Anson, please. I swear I think I can do this.

Worth never made it into the game, and North Carolina lost 3-0. It was the worst loss of her college career and only the second time UNC has ever lost by three goals to a college team.

Dorrance kept what she said in the back of his mind.

“After that game, I started doing some soul searching to figure out a lineup that could compete with some of the best teams in the country,” he said. “Part of the solution was to throw Maya up top, and it was a great decision, because she just kills herself for her team and her teammates.”

After another loss to N.C. State in the next game, Dorrance knew it was time to make a change. The offense needed a new perspective, and the solution was Maya Worth.

With Maya at center forward, the offense looked alive again. The team skyrocketed back on top and lost just one more game during the regular season. Worth tallied two goals and four assists in 1,083 minutes and added another layer of speed to the offense with the skills she learned as a former high school track star.

As far as Worth knew, she’d left defense behind for good.

***

It was April 2017, and UNC was about to take on the North Carolina Courage of the National Women’s Soccer League. The professional squad was loaded with talent, including former Tar Heel forward Jessica McDonald. As Dorrance read out the starting lineup, Worth geared up for a game at forward.

“Julia Ashley, Jessie Scarpa and Maya in the back,” Worth remembered Dorrance saying.

Her ears perked up. What? A look of surprise spread across her face.

“Maya, can you play back there?" Dorrance continued. "I know you have experience. We want you back there.”

Worth hadn’t played defense for eight months, and she was scared out of her mind. She went over the old tactics she used to know well, then ran out onto the field to take on a whole team of professional players.

“The first half, I remember I was so nervous,” she said. “I remember one punt came and I said, ‘Oh my God, I don’t even remember how to track a ball for crying out loud.’”

As the rust started to wear off, everyone in attendance began to take notice of how well she was playing.

“The first couple times, it was kind of shaky,” her father Leroy Worth said. “But after that, she was really impressive. All those players (on the Courage), they had some serious upper-level competition, and it was coming in waves.”

In scrimmages like this, the professionals often pick on the weaknesses of college players.
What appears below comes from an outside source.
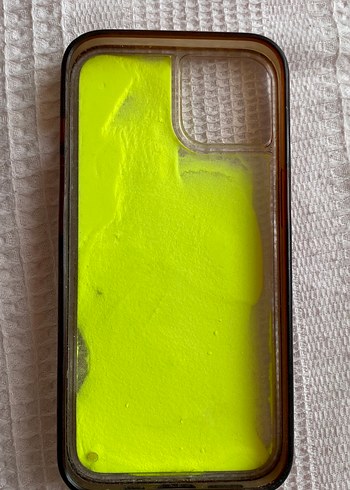 iPhone 13 Parlak Sarı Telefon Kılıfı - Görsel 2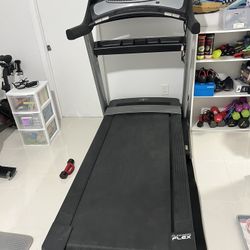 Nordic Track Commercial 2450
But they couldn’t get away with that on Worth.

“More than one pro coach, seeing that his team really failed to penetrate down the right side, asked about Maya," Dorrance said. "So I’m convinced she’ll be able to sign a pro contract in the spring and play professionally.”
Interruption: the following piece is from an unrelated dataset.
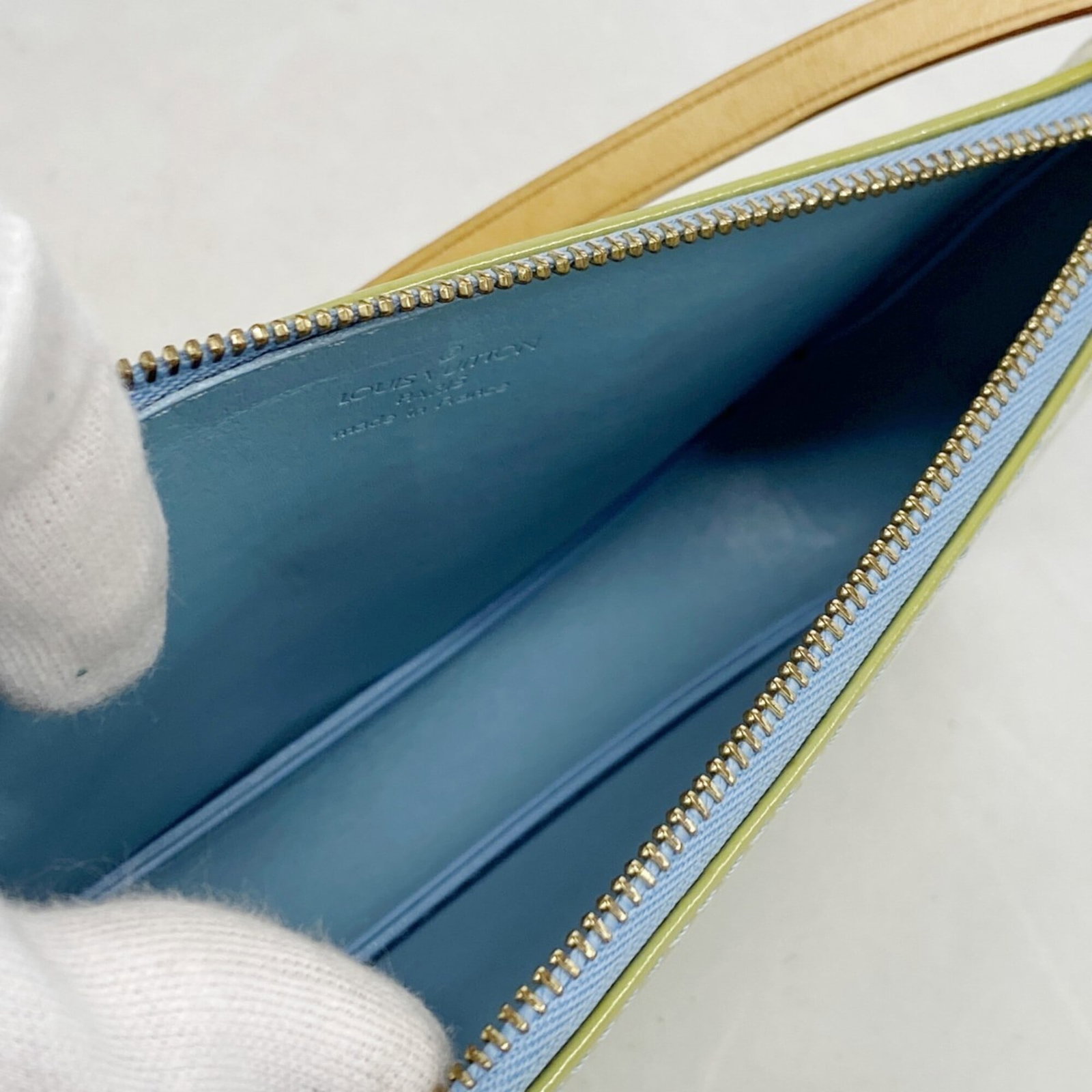 Louis Vuitton Pouch - 4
Since that game, Maya has officially returned to the left back position. With her as a leader on defense, the fifth-ranked UNC boasts four shutouts and a 7-2 record this season. 
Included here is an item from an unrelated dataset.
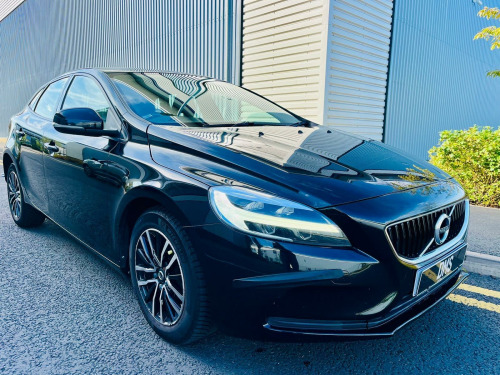 Volvo V40  2.0 D2 Momentum Nav Plus Auto Euro 6 (s/s) 5dr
After her North Carolina career is over, Maya might sign on the dotted line to play forward or defender, or anything that is asked of her, just like she has in college.

Nothing’s set yet. But for now, one thing is for certain.

“When teams look at us, they’re not going to say, ‘Oh yeah, let’s go down the right side,’” Dorrance said. “They’re going to look at Maya and say, ‘You know what, I don’t think we can attack that side.’ I know she’s going to protect it with her life.”